**GIVEN RECORDS:**
'''

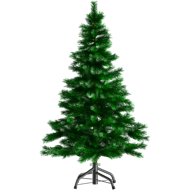 Umelý vianočný stromček RUDOLPH, 150cm, zelená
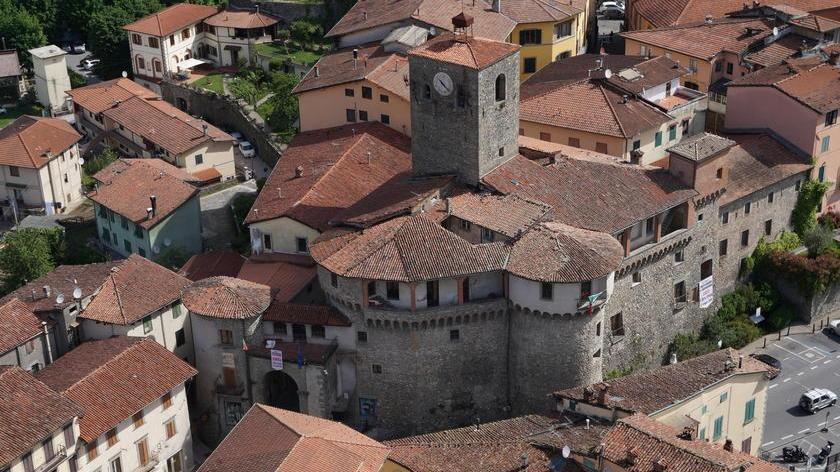 Progetti per 300mila euro per il centro storico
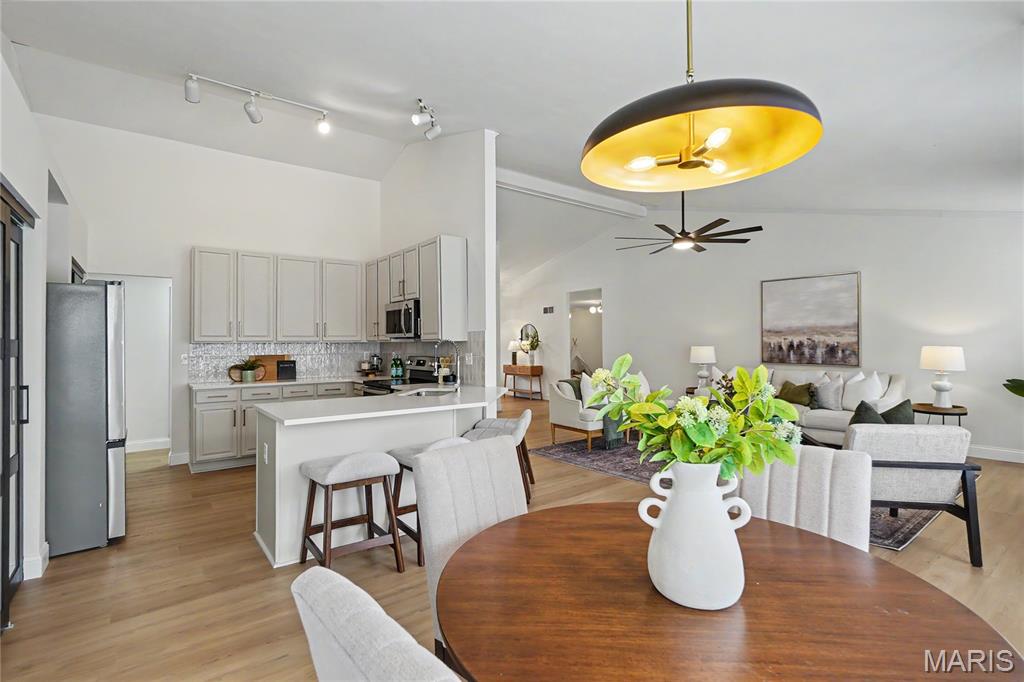 Fieldstone Farms #3 - Residential Lease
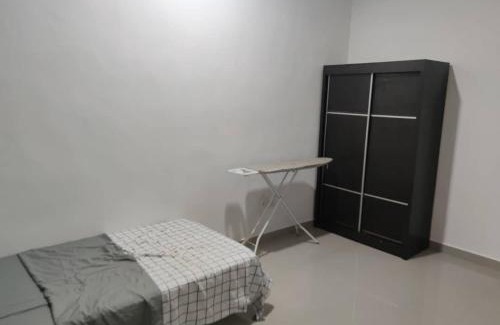 Kuantan Casa | khisya homestay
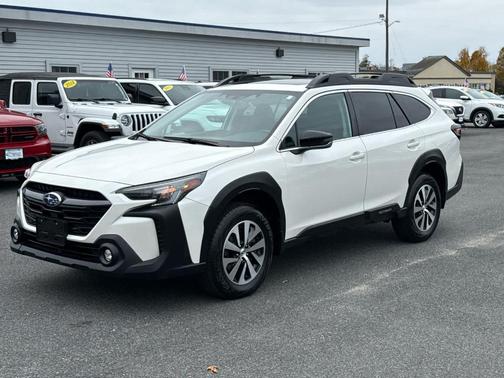 2024 Subaru Outback Premium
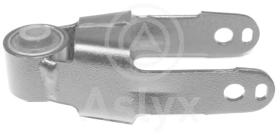 ASLYX AS104747 - SOP MOTOR TRAS PEUG 306 1,4-1,6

'''

**TASK BRIEF:**
Using the records above, reproduce exactly the lines from the line containing "Kuantan Casa | khisya homestay" through the last line, with both ends kept and no pictures.

**OUTPUT OF THE TASK:**
 Kuantan Casa | khisya homestay
 2024 Subaru Outback Premium
 ASLYX AS104747 - SOP MOTOR TRAS PEUG 306 1,4-1,6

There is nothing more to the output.